Task prompt
Where the records below reach the line containing "1954 OREGON TRAIL, ENGLEWOOD, Florida", start transcribing, and end with the line containing "Orologio Philip Watch Museum", exactly and with nothing else added.

Task inputs
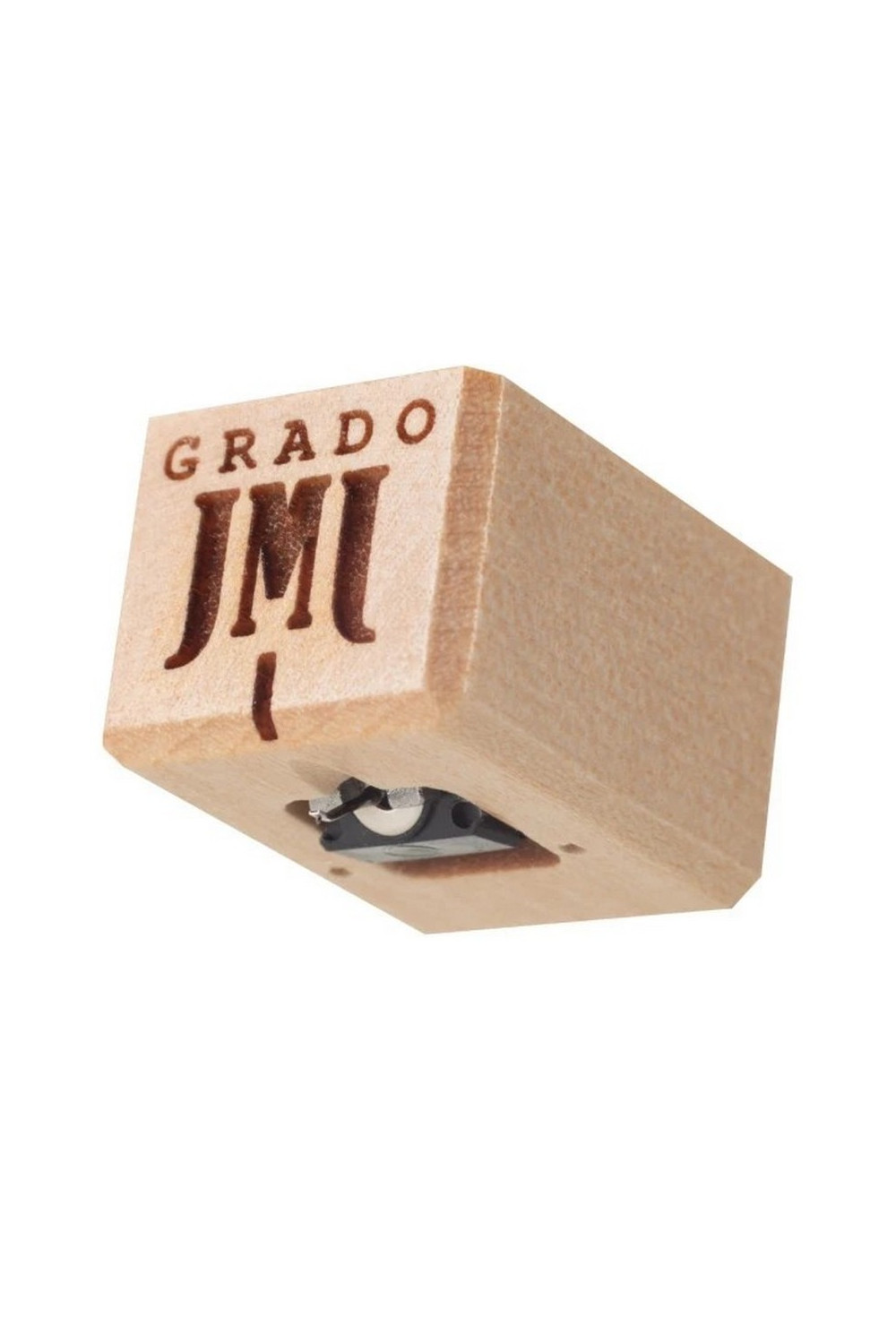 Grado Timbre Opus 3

==

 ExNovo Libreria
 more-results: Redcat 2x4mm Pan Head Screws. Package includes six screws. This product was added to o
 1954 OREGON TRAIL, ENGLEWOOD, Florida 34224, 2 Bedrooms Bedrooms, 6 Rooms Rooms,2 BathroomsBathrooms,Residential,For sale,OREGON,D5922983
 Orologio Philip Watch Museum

---

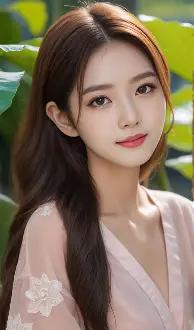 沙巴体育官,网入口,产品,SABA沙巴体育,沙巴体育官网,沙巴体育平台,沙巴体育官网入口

Output for this task
 1954 OREGON TRAIL, ENGLEWOOD, Florida 34224, 2 Bedrooms Bedrooms, 6 Rooms Rooms,2 BathroomsBathrooms,Residential,For sale,OREGON,D5922983
 Orologio Philip Watch Museum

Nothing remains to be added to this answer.